The Western District is reasonably wet and getting wetter Mr Redpath said. It is cold, hay is scarce and expensive but no-one is complaining”.
“The croppers are wrapped; the sheep guys are doing it tough in the middle of lambing – there are plenty of twins but there are also plenty of foxes for the fox shooters”.
Back to the market and Mr Redpath said the grown heifer market topped at 301c/kg with majority sold to the feeders priced in a range 280 to 300c/kg.
The weaner heifers also took a giant stride forward rising more than 30c/kg, making to 305c/kg. Open auction heifers he said were marked up by $100 a head on the previous month’s sale, making from $500 to $700/head.
The joined female market was also strong but disappointing.
The 138 Angus cows, aged 6.5 to 7 years in the Pardoo, Colac herd dispersal, which were spring calvers, sold up to $1500 per head, while 40 head of Gilmour PTIC Angus Cows were sold not far behind at $1480.
These made the equivalent of 213c/kg live however the despairing aspect of these results according to Mr Redpath said is they were all absorbed by processors: “they’re out of the system, they’’ be gone forever”.
“Numbers are getting less and less from the two big autumn sales when 4500 to 5000 head were penned” said James Kyle of Stevens Egan and Johnson.
“And while the number are getting fewer, the weight is also disappearing from the heavier lines of feeder steers although the two major feeders – JBS and Teys – were active along with the usual following of opportunity feeders feeding for the domestic trade”, he said.
“I think we’d have call the sale fully firm to 10c/kg dearer on the feeder lines”.
‘There was not the weight nor the “rubbishy” secondary and plain cattle that there have been in the previous markets. But with a number of processor orders also poking through the store pens anything that wasn’t wanted for the paddock definitely went for slaughter”.
The unjoined heifer demand he said was also consistently priced between 260 and 280c/kg.
“There was also not the weight but the buying support was solid”.
“Basically, you would have call it was a fairly stock standard store sale for Koonwarra for this time of the year”.
“All local buyers, all from southern Gippsland and most people preparing to sit om their hands until the cold of the winter passes”.
Meanwhile in the Riverina, Jason Andrews, Elders reports while conditions in the agricultural areas immediately around Deniliquin are presently okay it is patchy further out into the pastoral country where the hand-feeding of stock is still continuing.
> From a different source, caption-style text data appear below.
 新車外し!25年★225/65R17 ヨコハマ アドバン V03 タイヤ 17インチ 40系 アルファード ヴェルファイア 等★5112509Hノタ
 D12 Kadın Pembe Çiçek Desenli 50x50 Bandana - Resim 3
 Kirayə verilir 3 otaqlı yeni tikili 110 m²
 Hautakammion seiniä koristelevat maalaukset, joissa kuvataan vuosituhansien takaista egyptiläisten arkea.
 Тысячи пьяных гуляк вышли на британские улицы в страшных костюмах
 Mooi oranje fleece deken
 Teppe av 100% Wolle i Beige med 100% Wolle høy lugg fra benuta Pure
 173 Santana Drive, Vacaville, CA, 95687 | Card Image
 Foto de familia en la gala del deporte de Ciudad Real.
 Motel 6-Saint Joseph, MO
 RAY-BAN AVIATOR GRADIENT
He says there is some talk of agistment being taken in to the north of Hay towards Booligal following some rain received earlier in the year but generally the grass has stopped as more rain is needed.
“It’s not ideal because this time of the year is meant to be our main growing season but if the whole of Riverina doesn’t get a reasonable fall within the next month we’ll be no better off than last year, he said.
The movement of stock he says has come to a standstill in the area as lambing starts for the traditional June/July lambers or continues for the early lambers.
And, as far as cattle are concerned “we held our first sale at Deniliquin for 2.5 months last week and that was only because one vendor had to move”.
“Regardless of if it rains or not, there won’t be much to sell anyway,” he said.